Re: [PATCH v2 2/3] ext4: avoid journaling sb update on error if journal is destroying
From: Zhang Yi
Date: Fri Mar 07 2025 - 03:43:48 EST
On 2025/3/7 16:13, Ojaswin Mujoo wrote:
> On Fri, Mar 07, 2025 at 12:04:26PM +0530, Ojaswin Mujoo wrote:
>> On Fri, Mar 07, 2025 at 10:49:28AM +0800, Zhang Yi wrote:
>>> On 2025/3/6 22:28, Ojaswin Mujoo wrote:
>>>> Presently we always BUG_ON if trying to start a transaction on a journal marked
>>>> with JBD2_UNMOUNT, since this should never happen.
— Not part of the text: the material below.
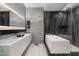 Luxurious bathroom with a soaking tub and walk-in shower at 7180 E Kierland Blvd # 1116, Scottsdale, AZ 85254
However, while ltp running
>>>> stress tests, it was observed that in case of some error handling paths, it is
>>>> possible for update_super_work to start a transaction after the journal is
>>>> destroyed eg:
>>>>
>>>> (umount)
>>>> ext4_kill_sb
>>>> kill_block_super
>>>> generic_shutdown_super
>>>> sync_filesystem /* commits all txns */
>>>> evict_inodes
>>>> /* might start a new txn */
>>>> ext4_put_super
>>>> flush_work(&sbi->s_sb_upd_work) /* flush the workqueue */
>>>> jbd2_journal_destroy
>>>> journal_kill_thread
>>>> journal->j_flags |= JBD2_UNMOUNT;
>>>> jbd2_journal_commit_transaction
>>>> jbd2_journal_get_descriptor_buffer
>>>> jbd2_journal_bmap
>>>> ext4_journal_bmap
>>>> ext4_map_blocks
>>>> ...
>>>> ext4_inode_error
>>>> ext4_handle_error
>>>> schedule_work(&sbi->s_sb_upd_work)
>>>>
>>>> /* work queue kicks in */
>>>> update_super_work
>>>> jbd2_journal_start
>>>> start_this_handle
>>>> BUG_ON(journal->j_flags &
>>>> JBD2_UNMOUNT)
>>>>
>>>> Hence, introduce a new sbi flag s_journal_destroying to indicate journal is
>>>> destroying only do a journaled (and deferred) update of sb if this flag is not
>>>> set. Otherwise, just fallback to an un-journaled commit.
>>>>
>>>> We set sbi->s_journal_destroying = true only after all the FS updates are done
>>>> during ext4_put_super() (except a running transaction that will get commited
>>>> during jbd2_journal_destroy()). After this point, it is safe to commit the sb
>>>> outside the journal as it won't race with a journaled update (refer
>>>> 2d01ddc86606).
>>>>
>>>> Also, we don't need a similar check in ext4_grp_locked_error since it is only
>>>> called from mballoc and AFAICT it would be always valid to schedule work here.
>>>>
>>>> Fixes: 2d01ddc86606 ("ext4: save error info to sb through journal if available")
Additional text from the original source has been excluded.